Parting company with some banking leaders who intimated lately the worst is over for their institutions, UBS's new chief executive unveiled plans to cut worldwide headcount by 10 percent, or 7,500 jobs, by the end of next year.
"We want to focus our trading activities on client business," Oswald Grubel said Wednesday at the bank's annual general meeting in Switzerland. "Across all parts of the Investment Bank we will be exiting certain areas of activity completely and reducing risks. We will concentrate on the most important capital markets, and withdraw from certain locations."
eFinancialCareers-UK Editor Sarah Butcher relays analyst Peter Thorne's view that anything not client facing or low risk in the investment bank will be up for removal. Headcount within the long-troubled investment banking division could shrink from 17,000 at present to the 10,000 - 12,000 range, says Thorne, who follows UBS for Helvea, an independent brokerage.

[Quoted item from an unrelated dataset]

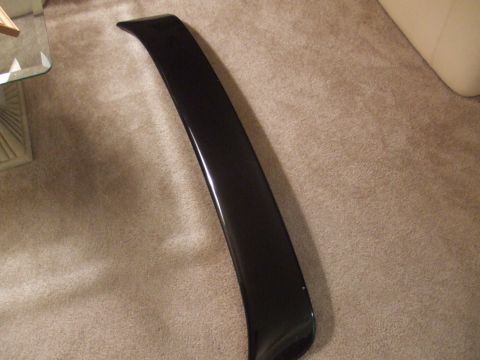 1995 Ford Probe - A black car spoiler is shown resting on a carpeted floor next to a glass table.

Grubel also plans to slash spending on marketing, sponsorship and external consultants, the New York Times reports.
Chairman Calls UBS Situation 'Precarious'
Thus far, UBS has lagged behind rivals in cutting banking staff. The Times says that since the financial crisis began almost two years ago, the Swiss banking giant had announced more than 11,000 job cuts worldwide, including 2,000 in investment banking. It currently employs about 76,200 people in over 50 countries. On Tuesday UBS said it's eliminating about 240 wealth management jobs in Asia.
While top executives at Goldman Sachs, Credit Suisse and Deutsche Bank have sounded hopeful notes in recent weeks, Grubel and departing UBS Chairman Peter Kurer were more gloomy. Grubel said the outlook remains "cautious" and uncertain. Kurer called UBS's situation "precarious."

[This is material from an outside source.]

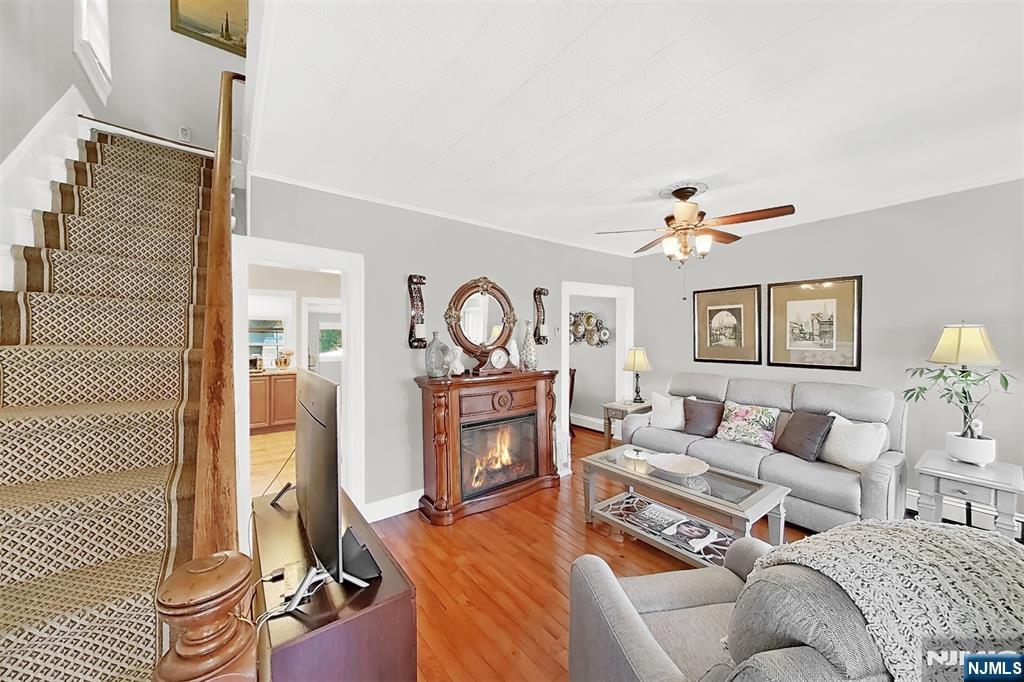 438 Forest Street Kearny, NJ 07032 - Photo 18 of 38 a living room with furniture and a wooden floor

The crisis is hitting UBS especially hard because its previous management expanded into riskier businesses at the peak of the market, the Times observes. Meanwhile, its private wealth management division - a low-risk operation that leads the world in assets under management - has been tarnished by formal charges it knowingly helped thousands of wealthy customers illegally evade taxes in the U.S. and other countries.